Data from the RBDQ-HK, the Geriatric Depression Scale (GDS), and the Pittsburgh Sleep Quality Index (PSQI) were compiled from individuals with isolated RBD (iRBD) confirmed by polysomnography. We constructed a network analysis of the RBDQ-HK, measured the centrality of each symptom (node), conducted Exploratory Graph Analysis (EGA) to unveil the dimension structure of the questionnaire, and calculated bridge expected influence (BEI) to identifying critical bridge. Multivariate linear regression was also employed to discover relationships between RBDQ-HK dimensions and variables such as PSQI and GDS.

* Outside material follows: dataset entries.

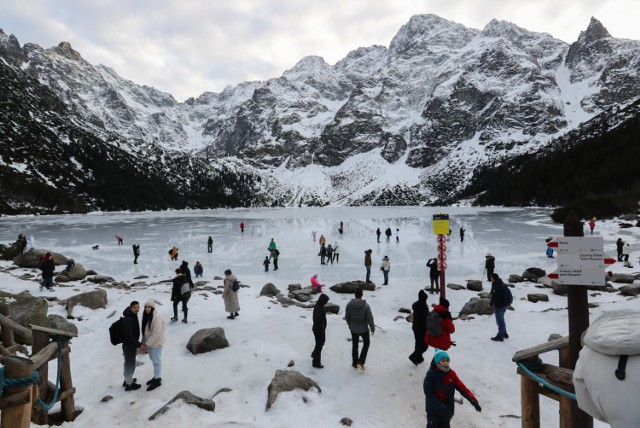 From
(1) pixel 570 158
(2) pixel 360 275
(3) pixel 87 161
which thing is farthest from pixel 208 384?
(3) pixel 87 161

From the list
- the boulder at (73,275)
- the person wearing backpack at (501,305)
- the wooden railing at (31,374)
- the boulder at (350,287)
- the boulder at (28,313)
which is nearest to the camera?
the wooden railing at (31,374)

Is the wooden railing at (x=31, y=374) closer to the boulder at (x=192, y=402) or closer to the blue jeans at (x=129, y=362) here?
the blue jeans at (x=129, y=362)

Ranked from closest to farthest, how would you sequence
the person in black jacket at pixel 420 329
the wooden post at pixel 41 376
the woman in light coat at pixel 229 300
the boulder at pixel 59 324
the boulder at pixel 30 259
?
the wooden post at pixel 41 376 → the person in black jacket at pixel 420 329 → the boulder at pixel 59 324 → the woman in light coat at pixel 229 300 → the boulder at pixel 30 259

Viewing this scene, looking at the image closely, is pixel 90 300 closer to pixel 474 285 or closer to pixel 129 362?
pixel 129 362

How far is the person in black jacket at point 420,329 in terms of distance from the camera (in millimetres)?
9070

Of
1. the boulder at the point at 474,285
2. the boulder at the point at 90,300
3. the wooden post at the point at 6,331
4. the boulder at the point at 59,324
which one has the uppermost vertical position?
the wooden post at the point at 6,331

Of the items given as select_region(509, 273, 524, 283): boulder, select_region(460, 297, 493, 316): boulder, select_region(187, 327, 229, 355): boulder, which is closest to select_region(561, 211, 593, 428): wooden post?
select_region(187, 327, 229, 355): boulder

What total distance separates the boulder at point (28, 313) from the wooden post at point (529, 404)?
11080mm

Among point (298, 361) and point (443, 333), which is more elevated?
point (443, 333)

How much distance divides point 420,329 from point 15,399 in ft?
25.5

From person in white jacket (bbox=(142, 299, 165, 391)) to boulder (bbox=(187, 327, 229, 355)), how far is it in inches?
66.9

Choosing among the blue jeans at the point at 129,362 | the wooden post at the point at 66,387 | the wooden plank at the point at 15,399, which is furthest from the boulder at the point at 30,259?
the wooden plank at the point at 15,399

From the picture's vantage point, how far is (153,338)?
796 cm

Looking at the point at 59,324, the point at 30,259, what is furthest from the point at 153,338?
the point at 30,259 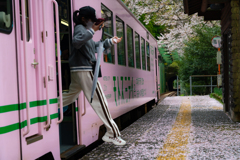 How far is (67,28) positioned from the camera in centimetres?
417

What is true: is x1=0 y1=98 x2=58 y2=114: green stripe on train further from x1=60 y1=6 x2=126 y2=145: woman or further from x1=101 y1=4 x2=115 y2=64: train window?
x1=101 y1=4 x2=115 y2=64: train window

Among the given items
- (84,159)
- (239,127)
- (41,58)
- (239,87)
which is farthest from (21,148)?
(239,87)

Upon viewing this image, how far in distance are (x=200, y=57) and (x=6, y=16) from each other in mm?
16599

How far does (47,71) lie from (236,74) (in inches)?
183

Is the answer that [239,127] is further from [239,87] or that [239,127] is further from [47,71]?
[47,71]

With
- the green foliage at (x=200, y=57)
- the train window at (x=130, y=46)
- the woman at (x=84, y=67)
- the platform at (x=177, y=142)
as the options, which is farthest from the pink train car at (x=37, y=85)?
the green foliage at (x=200, y=57)

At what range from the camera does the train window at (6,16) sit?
2.41 metres

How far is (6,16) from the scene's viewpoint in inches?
96.7

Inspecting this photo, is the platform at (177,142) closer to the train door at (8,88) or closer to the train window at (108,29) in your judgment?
the train window at (108,29)

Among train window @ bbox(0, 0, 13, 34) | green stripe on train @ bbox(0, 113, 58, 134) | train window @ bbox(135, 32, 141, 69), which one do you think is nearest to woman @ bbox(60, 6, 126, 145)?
green stripe on train @ bbox(0, 113, 58, 134)

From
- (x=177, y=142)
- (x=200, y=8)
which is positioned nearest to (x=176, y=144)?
(x=177, y=142)

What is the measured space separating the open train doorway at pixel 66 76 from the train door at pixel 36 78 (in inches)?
23.3

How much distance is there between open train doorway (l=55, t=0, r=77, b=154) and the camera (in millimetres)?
3816

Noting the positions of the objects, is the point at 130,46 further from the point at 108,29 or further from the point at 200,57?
the point at 200,57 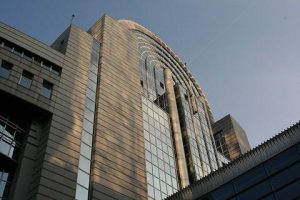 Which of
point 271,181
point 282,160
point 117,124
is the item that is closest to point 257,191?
point 271,181

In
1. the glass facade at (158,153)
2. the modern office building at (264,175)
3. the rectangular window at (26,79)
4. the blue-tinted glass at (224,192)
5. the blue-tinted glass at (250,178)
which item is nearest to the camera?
the modern office building at (264,175)

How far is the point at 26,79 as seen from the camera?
43562 mm

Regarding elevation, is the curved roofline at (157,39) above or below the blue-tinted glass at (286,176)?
above

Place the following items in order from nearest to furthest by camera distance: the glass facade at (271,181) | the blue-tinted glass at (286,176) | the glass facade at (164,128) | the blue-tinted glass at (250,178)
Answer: the glass facade at (271,181), the blue-tinted glass at (286,176), the blue-tinted glass at (250,178), the glass facade at (164,128)

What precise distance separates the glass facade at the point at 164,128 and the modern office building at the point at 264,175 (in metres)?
22.2

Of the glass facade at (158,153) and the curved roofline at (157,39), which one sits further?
the curved roofline at (157,39)

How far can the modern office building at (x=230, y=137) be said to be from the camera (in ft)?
338

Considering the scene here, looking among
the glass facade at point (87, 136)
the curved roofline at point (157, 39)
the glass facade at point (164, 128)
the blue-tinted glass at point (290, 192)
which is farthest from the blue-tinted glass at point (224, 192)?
the curved roofline at point (157, 39)

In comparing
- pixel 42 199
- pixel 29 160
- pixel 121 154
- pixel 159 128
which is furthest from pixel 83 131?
pixel 159 128

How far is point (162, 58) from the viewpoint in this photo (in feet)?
334

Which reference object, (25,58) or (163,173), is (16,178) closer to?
(25,58)

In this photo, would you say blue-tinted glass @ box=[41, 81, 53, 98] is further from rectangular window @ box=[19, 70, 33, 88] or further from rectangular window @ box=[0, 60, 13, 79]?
rectangular window @ box=[0, 60, 13, 79]

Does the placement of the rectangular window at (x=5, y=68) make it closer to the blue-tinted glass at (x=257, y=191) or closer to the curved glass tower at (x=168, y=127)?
the curved glass tower at (x=168, y=127)

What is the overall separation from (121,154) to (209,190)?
17.2 m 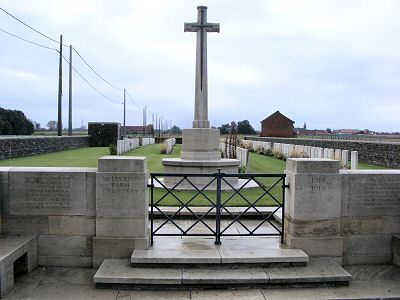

In our cohort of 455 iRBD patients (299 males), the items in the RBDQ-HK were divided into three dimensions: dream, movement, and SRI/violence. The symptoms identified as most central to RBD were 'shouting or yelling in sleep', 'dream-enacting movements', and 'talking during sleep'. The highest (BEI) was 'violent and aggressive dreams', which has the potential to bridge three dimensions within the symptom network. Depression was significantly correlated with the movement and dream dimensions of RBD, and sleep quality was predominantly related to the dream dimension score.
Our findings verify that the principal symptoms of the RBDQ-HK align with the established diagnostic criteria and reveal a three-dimensional structure within RBD symptoms. The relationships between the RBD symptoms, depression, and sleep quality need to be identified for the effective management of RBD patients.
本研究采用快速眼动(REM)睡眠行为障碍问卷-香港版(RBDQ-HK)调查REM睡眠行为障碍(RBD)患者的症状及其严重程度,通过RBDQ-HK深入探究RBD的结构及其与抑郁和睡眠质量的联系。
从经多导睡眠图确诊的孤立性RBD(iRBD)患者中收集RBDQ-HK、老年抑郁量表(GDS)和匹兹堡睡眠质量指数(PSQI)的数据。我们构建了RBDQ-HK的网络分析,测量每个症状(节点)的中心性,进行探索性图分析(EGA)以揭示问卷的维度结构,并计算桥梁预期影响(BEI)以识别关键桥梁。还采用多元线性回归来发现RBDQ-HK维度与PSQI和GDS等变量之间的关系。
在我们的455例iRBD患者队列(299例男性)中,RBDQ-HK中的项目分为三个维度:梦境、运动和SRI/暴力。被确定为RBD最核心的症状是“睡眠中呼喊或叫嚷”、“梦境 enacting动作”和“睡眠中交谈”。最高的(BEI)是“暴力和攻击性梦境”,它有可能连接症状网络中的三个维度。抑郁与RBD的运动和梦境维度显著相关,睡眠质量主要与梦境维度得分相关。
我们的研究结果证实,RBDQ-HK的主要症状与既定诊断标准一致,并揭示了RBD症状中的三维结构。为有效管理RBD患者,需要明确RBD症状、抑郁和睡眠质量之间的关系。